John's clients have included Amway, The Dow Chemical Company, Innovation Ventures (5-hour Energy), Robert Bosch, SpartanNash, Tesla, and Whirlpool; the states of Arizona, Indiana, Michigan, Nebraska, New Jersey, South Carolina, and Utah; Canada; various Governors and Attorneys General; and the Estate of Sir Arthur Conan Doyle. John is also national appellate coordinating counsel for a Fortune 400 company.

Andrew Grossman, Baker & Hostetler LLP

Andrew Grossman is a veteran of the Washington policymaking community with recognized experience in constitutional law and legal policy that he brings to his litigation practice. He files briefs that attract attention in high-stakes litigation before the United States Supreme Court and the federal courts of appeals.

Andrew has been a frequent legal commentator on radio and television, having appeared on Fox News, CNN, MSNBC, CNBC, NPR and its affiliates, CBN, and elsewhere. His legal commentary has also appeared in dozens of magazines and newspapers, including The Wall Street Journal, USA Today, The Washington Post, The Washington Times and many others. Andrew has testified before the House and Senate judiciary committees numerous times on issues of constitutional law and legal policy, and he frequently advises members of Congress on complex legal and policy issues.

Bill Messenger, National Right to Work Legal Defense Foundation

William Messenger is a staff attorney at the National Right to Work Legal Defense Foundation.  Messenger has litigated nearly 100 cases including over a dozen at the Appellate-level on behalf of Foundation-aided employees and other individuals. His cases defend workers’ freedom from compulsory unionism and focus on the First Amendment and other constitutional rights. He has argued twice before the U.S. Supreme Court. Messenger successfully argued Harris v. Quinn in 2014, securing a Supreme Court ruling that requiring homecare providers to pay union fees violated the First Amendment.

Messenger has argued many cutting-edge labor law cases including a recent challenge to a Seattle ordinance designed to force ridesharing drivers into compulsory unionism, which is currently before the U.S. Ninth Circuit Court of Appeals.
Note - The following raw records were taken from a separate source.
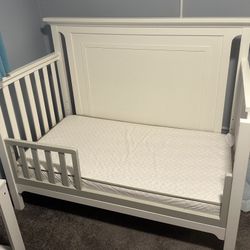 Baby Crib/Toddler Bed 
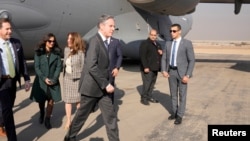 El secretario de Estado de Estados Unidos, Antony Blinken, a su llegada al aeropuerto de El Cairo, Egipto, el 6 de febrero de 2024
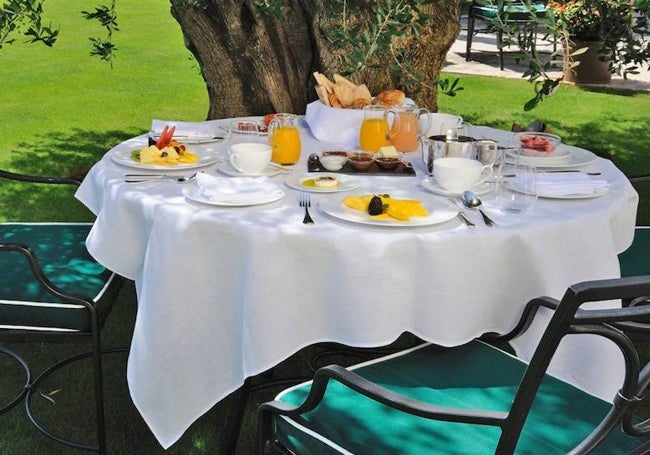 Desayuno en el jardín de Finca Cortesin.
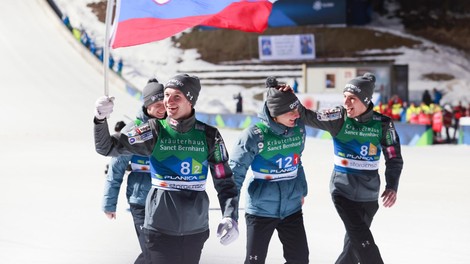 Smučarski skakalci združili moči in ugnali tekmece: Sloveniji so priborili medaljo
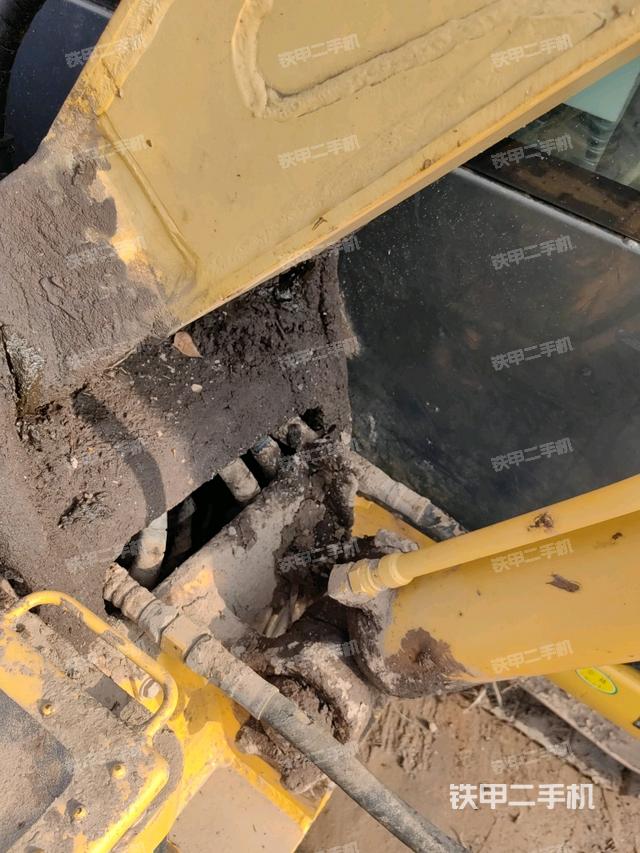 大臂背部俯視（工作和回轉(zhuǎn)裝置）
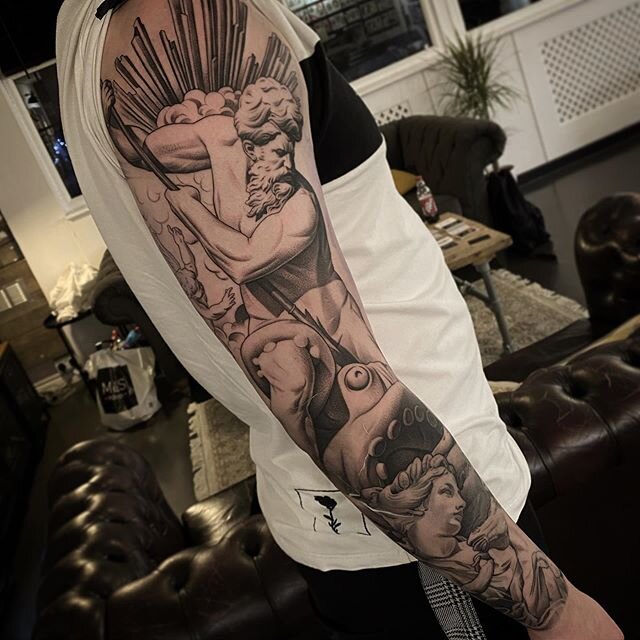 Progress from the end of last year #tattoosouthampton #blacklanterntattoo #southamptontattoo #southamptontattooist #southampton  #blacklanterntattoo #uktattoo #uktattooartist  #uktatttooist
#tattooing  #tattoo #bishoprotary  #killerink #love #art #lo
As a recognized expert, he has testified before Congress and has been quoted in numerous media outlets ranging from Fox News to National Public Radio. Messenger graduated cum laude from George Washington University Law School and has been a Foundation staff attorney since 2001.

The Honorable Ryan K. Zinke, United States Secretary of the Interior (INVITED)

Ryan Zinke was sworn in as the 52nd Secretary of the Interior on March 1, 2017. A fifth-generation Montanan and former U.S. Navy SEAL Commander, Ryan Zinke built one of the strongest track records in the 114th Congress on championing sportsmen’s access, conservation, regulatory relief, forest management, responsible energy development, and smart management of federal lands.

Ryan Zinke represented the state of Montana in the U.S. House of Representatives since 2014. Before that he served in the Montana State Senate from 2009 to 2011, but the bulk of his public service was 23 years as a U.S. Navy SEAL officer.

Zinke was commissioned as an officer in the Navy in 1985 and was soon selected to join the elite force where he would build an honorable career until his retirement in 2008. He retired with the rank of Commander after leading SEAL operations across the globe, including as the Deputy and Acting Commander of Joint Special Forces in Iraq and two tours at SEAL Team Six. Zinke was the first Navy SEAL elected to the U.S. House and is the first SEAL to serve as a cabinet secretary.

Zinke holds a Geology degree from the University of Oregon, where he was an All-PAC 10 football player; a Master’s degree in Business Finance from National University; and a Master’s degree in Global Leadership from the University of San Diego. He and his wife Lolita (Lola) have three children and two granddaughters. Zinke is proud to be an adopted member of the Assiniboine Sioux Tribe at the Fort Peck Reservation in Northeast Montana.